# ACTIVITY
Could you set down exactly the lines of the data below, starting at the one that holds "Hold Me Tight" and ending at the one that holds "jogo para ganhar", both included, and only those?

(Records excerpted from a collection)

# # # # # # #

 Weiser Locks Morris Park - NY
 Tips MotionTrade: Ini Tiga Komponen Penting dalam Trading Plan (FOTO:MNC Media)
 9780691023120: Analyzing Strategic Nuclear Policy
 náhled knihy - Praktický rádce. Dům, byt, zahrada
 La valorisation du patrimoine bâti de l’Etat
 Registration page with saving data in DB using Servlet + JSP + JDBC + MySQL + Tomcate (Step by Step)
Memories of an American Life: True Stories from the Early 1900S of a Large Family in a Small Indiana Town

# # # # # # #

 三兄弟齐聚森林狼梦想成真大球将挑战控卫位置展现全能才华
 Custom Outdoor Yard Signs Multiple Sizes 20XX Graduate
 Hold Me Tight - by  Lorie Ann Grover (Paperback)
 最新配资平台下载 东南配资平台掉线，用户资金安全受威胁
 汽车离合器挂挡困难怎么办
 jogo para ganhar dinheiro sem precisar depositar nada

# # # # # # #

# COMPLETED TASK
 Hold Me Tight - by  Lorie Ann Grover (Paperback)
 最新配资平台下载 东南配资平台掉线，用户资金安全受威胁
 汽车离合器挂挡困难怎么办
 jogo para ganhar dinheiro sem precisar depositar nada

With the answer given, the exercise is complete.